With progress on the legislative review of the pact stalled, and other countries and territories, including Hong Kong, already gearing up to seek similar pacts, Taiwan risks losing its advantages, said Roy Lee (李淳) of the Chung-Hua Institution for Economic Research (CIER).
Lee added that the advantages of free-trade agreements (FTA) are gauged in relative terms.
For example, if Taiwan and the US sign an FTA, the full range of advantages South Korea enjoys from its FTA with the US will be limited to the period of time before Taipei strikes a similar deal, Lee said, without elaborating.
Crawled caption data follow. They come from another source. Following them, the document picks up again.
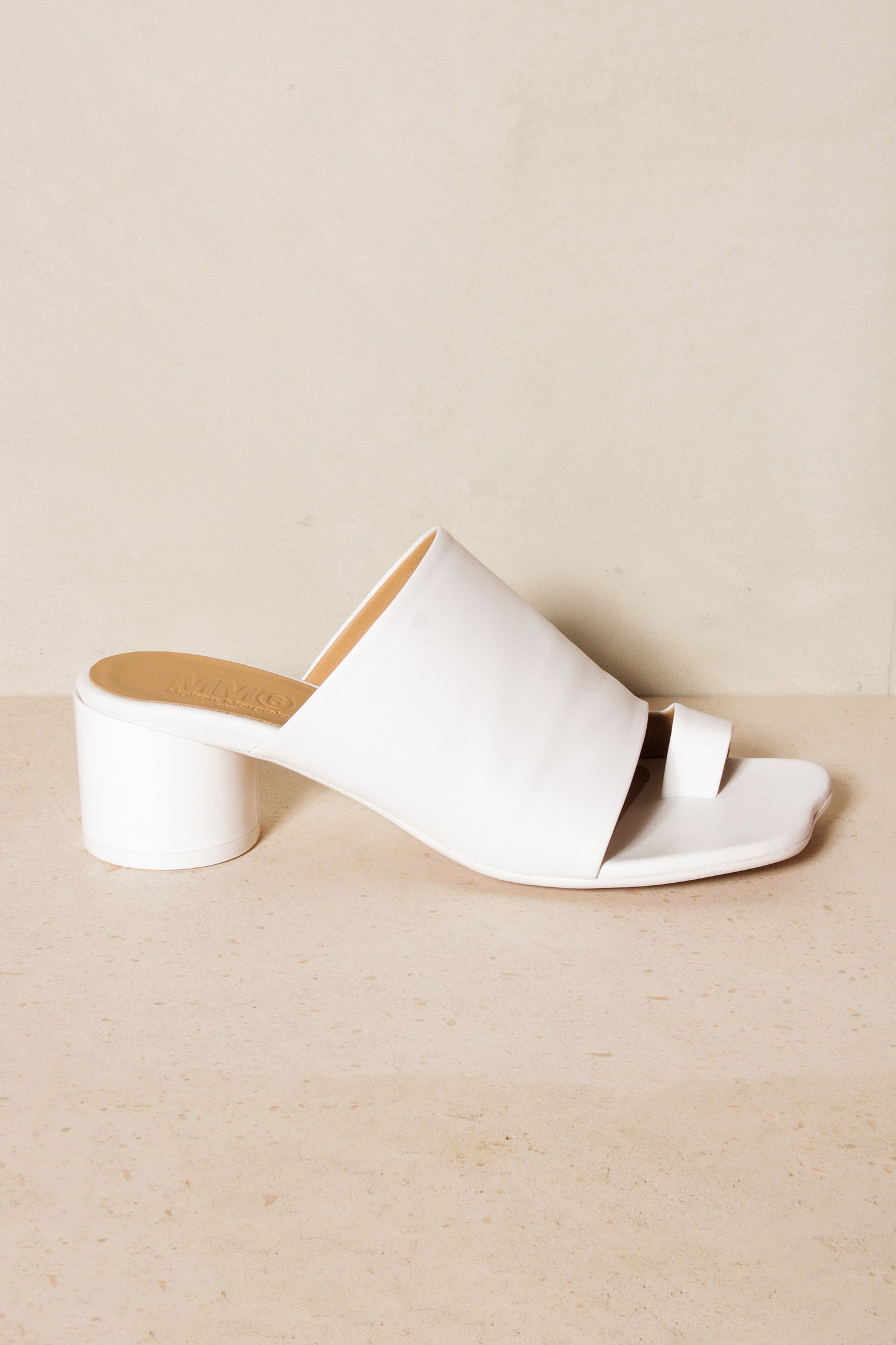 Toe Loop Sandal White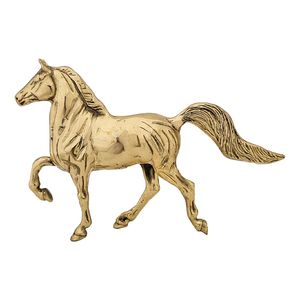 مجسمه برنزی مدل اسب دونده بدون زین کد 8851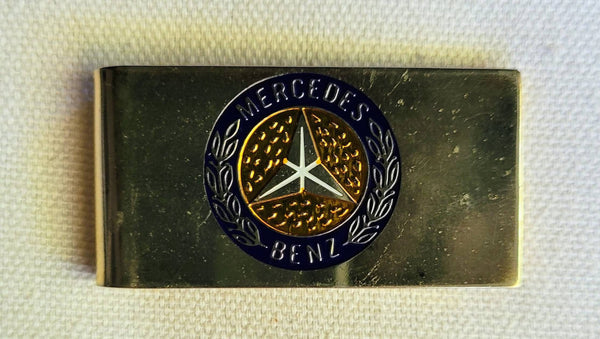 Vintage Mercedes Benz Money Clip From Mid Century Men's Collection Classic Car Accessories Vintage Cash Stash Benz Bucks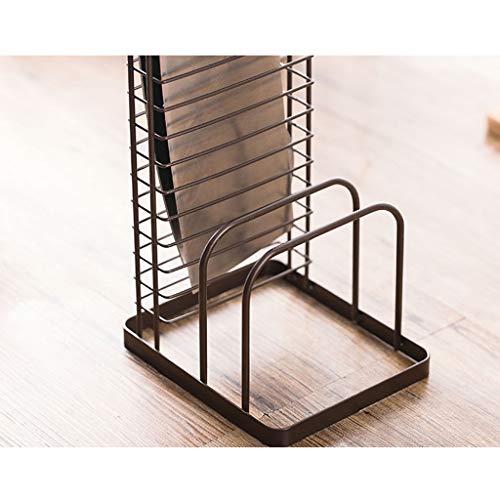 DRNKS Lid Rack Wrought Iron Kitchen Cutting Board Rack Shelf Pot Cover Rack Kitchen Knife Rack Cutting Board Rack Chopping Board Rack Applicable to kitchen stove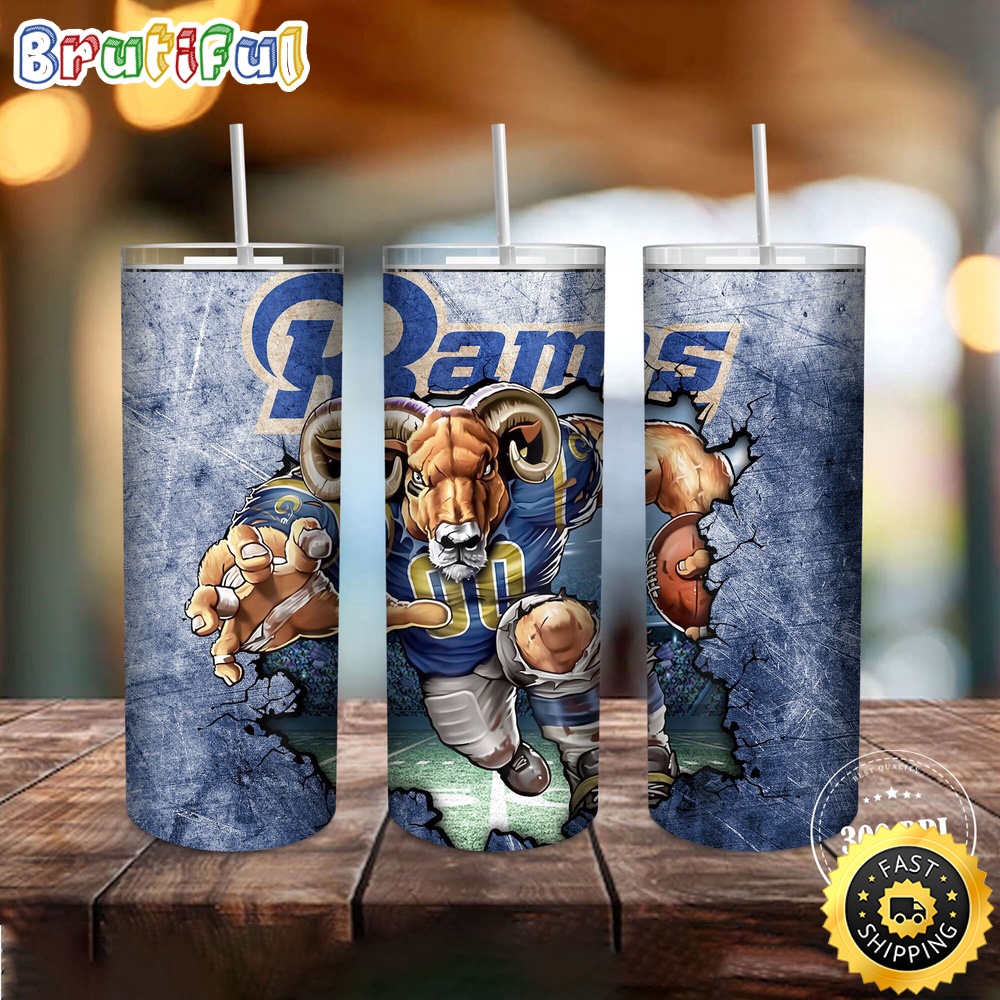 NFL Los Angeles Rams Tumbler Mascot Skinny Tumbler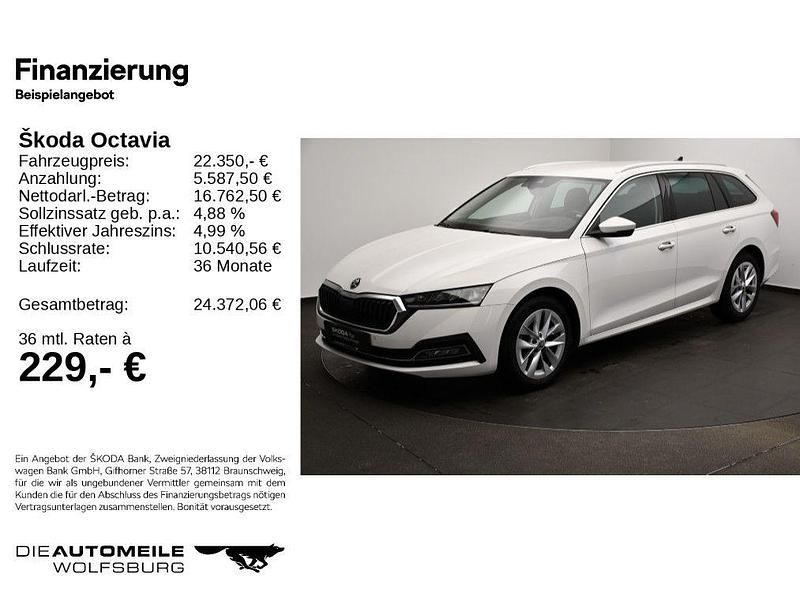 Gebraucht Skoda Octavia Style 116 PS (85 kW) 2023 Candyweiss Kombi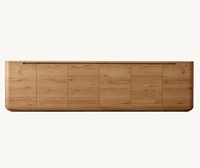 Nouvelle console multimédia de luxe pour salon, meuble TV en bois de chêne massif, tables de console multimédia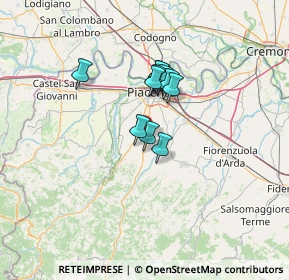 Mappa Via Domenico Scarlatti, 29027 Podenzano PC, Italia (8.84909)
He said that this effect also applies to the cross-strait service trade deal and any such trade pacts that Beijing signs with other parties.
Hong Kong and Macau proposed being extended treatment from China similar to that stipulate in the cross-strait agreement after Beijing and Taipei signed the deal, Association for Relations Across the Taiwan Straits President Chen Deming (陳德銘) said.
Starting in January next year, China is expected to further open up its service sector to businesses Hong Kong and Macau, extending the same treatment to the territories that is to be enjoyed by Taiwan under the pact, Chen was quoted as saying after a meeting with Taiwan Electrical and Electronic Manufacturers’ Association chairman Kuo Tai-chiang (郭台強) in Beijing on Sept. 3.
Lawmakers have yet to complete their detailed review of the cross-strait services pact, amid controversy over the possible adverse effects the deal’s implementation may have on the local service industry.